Problem to work on:
Your response should contain every line from the data below that holds the string "Sleeve".

== Information ==

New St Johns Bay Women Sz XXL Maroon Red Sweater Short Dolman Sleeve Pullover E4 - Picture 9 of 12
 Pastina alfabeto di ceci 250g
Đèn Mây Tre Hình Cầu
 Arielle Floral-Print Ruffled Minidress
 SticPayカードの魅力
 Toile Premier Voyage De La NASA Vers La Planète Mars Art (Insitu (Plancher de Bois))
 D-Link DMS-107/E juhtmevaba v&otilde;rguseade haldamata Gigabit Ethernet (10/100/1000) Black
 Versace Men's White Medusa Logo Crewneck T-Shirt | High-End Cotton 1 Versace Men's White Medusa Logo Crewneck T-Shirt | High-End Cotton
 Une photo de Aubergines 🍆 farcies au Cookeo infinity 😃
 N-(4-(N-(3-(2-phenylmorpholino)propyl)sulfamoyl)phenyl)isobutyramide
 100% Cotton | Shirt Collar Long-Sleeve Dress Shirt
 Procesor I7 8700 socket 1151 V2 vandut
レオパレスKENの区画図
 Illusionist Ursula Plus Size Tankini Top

===

Output below:
New St Johns Bay Women Sz XXL Maroon Red Sweater Short Dolman Sleeve Pullover E4 - Picture 9 of 12
 100% Cotton | Shirt Collar Long-Sleeve Dress Shirt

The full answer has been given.